At this point, I am obliged to confess that half way through I accidentally knocked my paperback into the bath, fusing the last three hundred pages into a papier-mâché brick. Fortunately, I found a Swedish language film of this book on iPlayer's BBC4 site and, with myopic squinting at the subtitles, have been able to piece together the plot.

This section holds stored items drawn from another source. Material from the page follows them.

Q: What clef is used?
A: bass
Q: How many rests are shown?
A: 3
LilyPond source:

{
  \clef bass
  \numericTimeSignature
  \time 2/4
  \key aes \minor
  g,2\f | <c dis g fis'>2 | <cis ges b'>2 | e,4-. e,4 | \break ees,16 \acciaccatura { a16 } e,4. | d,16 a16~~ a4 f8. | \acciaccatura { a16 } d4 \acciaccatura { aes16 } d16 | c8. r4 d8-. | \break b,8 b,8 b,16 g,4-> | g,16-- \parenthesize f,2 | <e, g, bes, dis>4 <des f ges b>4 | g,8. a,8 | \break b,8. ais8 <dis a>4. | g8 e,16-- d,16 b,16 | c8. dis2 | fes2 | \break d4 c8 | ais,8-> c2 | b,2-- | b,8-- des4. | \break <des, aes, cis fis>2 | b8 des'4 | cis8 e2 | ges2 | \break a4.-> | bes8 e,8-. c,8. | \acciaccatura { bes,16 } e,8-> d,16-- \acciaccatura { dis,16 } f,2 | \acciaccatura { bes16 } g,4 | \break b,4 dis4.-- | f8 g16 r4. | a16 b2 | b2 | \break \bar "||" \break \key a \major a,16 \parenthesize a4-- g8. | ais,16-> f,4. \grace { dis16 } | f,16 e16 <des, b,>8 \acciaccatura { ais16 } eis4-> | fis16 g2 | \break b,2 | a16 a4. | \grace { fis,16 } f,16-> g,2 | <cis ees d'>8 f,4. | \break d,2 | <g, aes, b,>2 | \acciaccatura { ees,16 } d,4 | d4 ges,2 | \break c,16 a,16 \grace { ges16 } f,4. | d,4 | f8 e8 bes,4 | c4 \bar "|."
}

The baddies are eco-anarchists who are bent on bringing down the world's financial systems, rather than waiting for bankers to do it anyway. They are headquartered in Africa. The word 'Africa' is pronounced something like 'Orfrica' in Swedish, with the corners of one's mouth turned down. It sounds very solemn and impressive. Inspector Wallander knows this, and makes sure he says it a lot in his fine, rumbling, baritone voice. 'Orfffrica.'

Rather than trouble the police department's IT department - I suspect they are fed up with him getting Tipp-Ex in his keyboard - Inspector Wallander employs a teenage consultant called Modin to examine the baddies' computer. Modin so-named, I suspect, to suggest the word 'modem'. In this story, this amounts to an authentic, technical detail.

Modin is initially referred to in the dialogue, and throughout the original book, as male, but in the flick eventually turns out to be a teenage kinky-kooky, gothy-genius computer crackerette. Perhaps the director noticed the popularity of TGWTDT halfway through the shoot, and was able to recast just in time. Modin astonishingly discovers that the baddies have encrypted their secrets, and opines that retrieving them may take a little longer.

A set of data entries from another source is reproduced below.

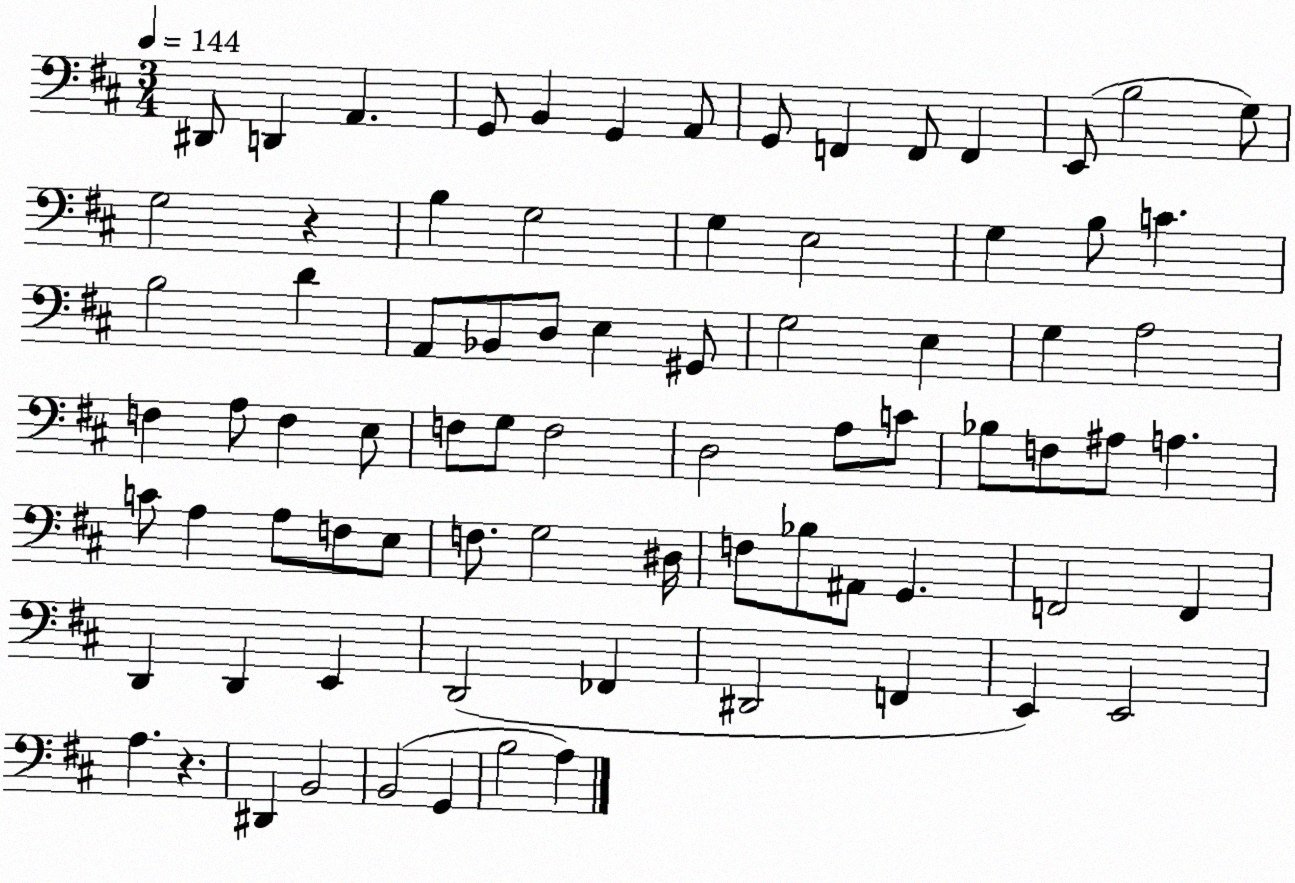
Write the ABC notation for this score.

X:1
T:Untitled
M:3/4
L:1/4
K:D
^D,,/2 D,, A,, G,,/2 B,, G,, A,,/2 G,,/2 F,, F,,/2 F,, E,,/2 B,2 G,/2 G,2 z B, G,2 G, E,2 G, B,/2 C B,2 D A,,/2 _B,,/2 D,/2 E, ^G,,/2 G,2 E, G, A,2 F, A,/2 F, E,/2 F,/2 G,/2 F,2 D,2 A,/2 C/2 _B,/2 F,/2 ^A,/2 A, C/2 A, A,/2 F,/2 E,/2 F,/2 G,2 ^D,/4 F,/2 _B,/2 ^A,,/2 G,, F,,2 F,, D,, D,, E,, D,,2 _F,, ^D,,2 F,, E,, E,,2 A, z ^D,, B,,2 B,,2 G,, B,2 A,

While Modin ponders at his-or-her keyboard, Wallander helps out, by finding the key password, which someone has obligingly recorded in a tattoo, in defiance of good security policy (it would be a sod to change every month) and providing further circumstantial evidence that the director was borrowing ideas from Dragon. The password is a babyish word something like 'Binky-bee', and Wallander sounds a bit undignified saying it. But Wallander was not made an inspector for nothing. He counters the Binky-bee problem by referring again to the continental origin of the anarchist plot. 'Orfffrica. Orrrrrfffricahhh.'

While Wallander is still saying 'Africa', the baddies kidnap Modin. Oh no - how will Wallander stop them now? They have overrun and infected the whole internet with their worms, the worms.

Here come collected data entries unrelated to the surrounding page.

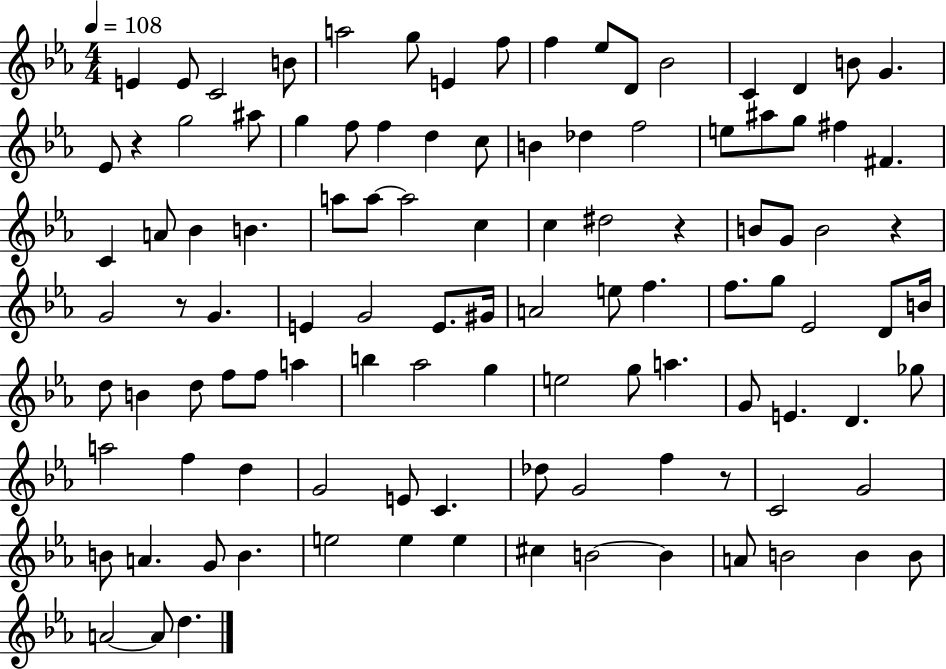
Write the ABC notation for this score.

X:1
T:Untitled
M:4/4
L:1/4
K:Eb
E E/2 C2 B/2 a2 g/2 E f/2 f _e/2 D/2 _B2 C D B/2 G _E/2 z g2 ^a/2 g f/2 f d c/2 B _d f2 e/2 ^a/2 g/2 ^f ^F C A/2 _B B a/2 a/2 a2 c c ^d2 z B/2 G/2 B2 z G2 z/2 G E G2 E/2 ^G/4 A2 e/2 f f/2 g/2 _E2 D/2 B/4 d/2 B d/2 f/2 f/2 a b _a2 g e2 g/2 a G/2 E D _g/2 a2 f d G2 E/2 C _d/2 G2 f z/2 C2 G2 B/2 A G/2 B e2 e e ^c B2 B A/2 B2 B B/2 A2 A/2 d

Fortunately, to activate the BACS Armageddon, the anarchists must put their ATM card into a particular biddely-bong cashpoint machine outside the Ystad Building Society. I think the anarchists need to put more thought into their requirements specifications: this is the sort of bug it is best to remove before it gets into the implementation. A little more effort here, please, and less time spent on the 3D visualisation of the worm infecting the internet.

Now Wallander has merely to pitch up at the ATM and stop them. Does he do so promptly? No, he does not. He is worried he may have to say ' biddely-bong', which is even worse than Binky-bee.

Anyway, in the end Wallander extracts his digit - in fact, his first digital action in the whole business - and rushes to the ATM. Baddies shot, Modin freed, banking system safe, phew.

Not that Inspector W needed to have bothered, I reckon. Those cash machines go down all by themselves. A few years ago, I was standing in the queue behind this lady, she put her card in, the machine ate it, blue-screened, and rebooted. And do you know what it was running? Windows NT 4! Don't know what the banks think they are playing at, using an elderly domestic operating system for a job like that.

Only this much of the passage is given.